Los turistas no se amedrentaron por el humo, un grupo de 30 de ellos, la mayoría jóvenes, se tomaban selfies frente a la Casa Blanca y otros comían hot dogs a la intemperie. Risas, conversaciones, casi ninguno con cubrebocas, los posteos con ese aditamento son muy 2020.
Una turista destacaba en el grupo: Mónica Montealegre, de Colombia, quien sí llevaba uno.
“Yo sí estoy muy preocupada, cada vez que camino siento más el olor a quemado y yo padezco de asma y eso hace que sea más complejo”, relató. “No me da miedo, pero sí me parece impresionante ver los efectos del cambio climático en la cotidianidad”.
El iPhone de Mónica le alertó desde la mañana la mala calidad del aire y le recomendó usar el cubrebocas. Ella, con su padecimiento, es parte de ese grupo vulnerable, junto con los adultos mayores, que no se puede permitir ignorar una advertencia de esa naturaleza. Además, con el calor encima, el humo no se disipaba por completo.
La cabeza le dolía por exponerse más de una hora al humo. También tenía los ojos rojos y la sensación de haberse enfermado de una gripe repentina.
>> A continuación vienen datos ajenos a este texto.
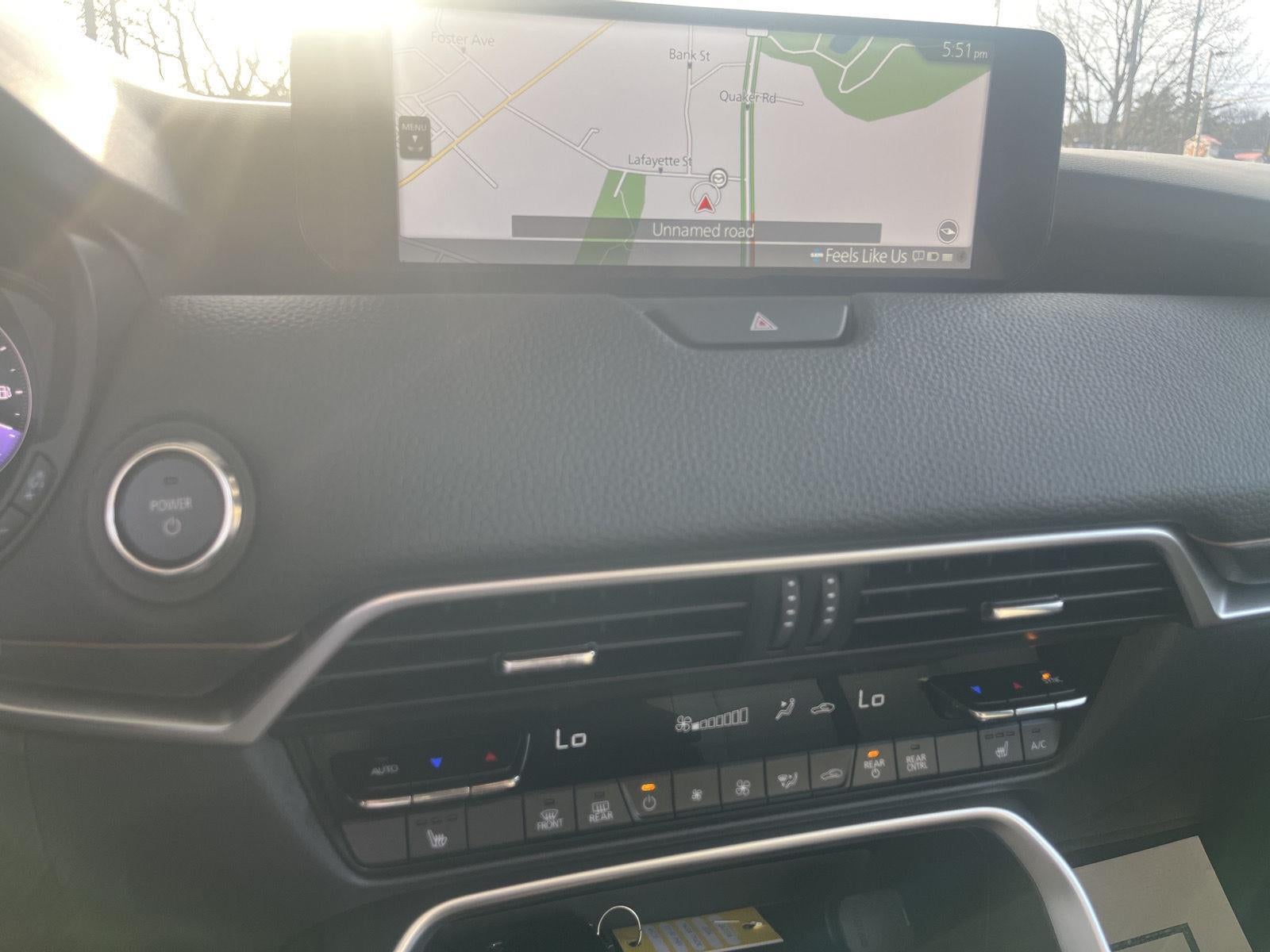 2024 Mazda Mazda CX-90 PHEV Premium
Junto a Mónica, Constanza Gómez, su amiga peruana, contó que encontrar el cubrebocas que portaba fue complicado y únicamente hasta que le regalaron uno pudo usarlo. “Lo que uno no se imagina es que después de la pandemia volveríamos a usar el tapabocas de forma recomendada por las autoridades”, dijo. “Pero parece que hay que tenerlo listo por alguna situación que surja”.
Un incendio a más de 1,000 kilómetros al norte parece una razón poco probable para cargar con uno, sin embargo a Washington la tomó desprevenida la humareda, al igual que a Nueva York, Filadelfia y otras ciudades y comunidades del noreste de Estados Unidos.
Para las cuatro de la tarde el viento se redujo. También la mala calidad del aire. El estado del clima seguía insalubre, aunque el humo y el olor ya no eran tan evidentes. O quizá, tenía razón el oficial Cummings: uno se acostumbra a todo.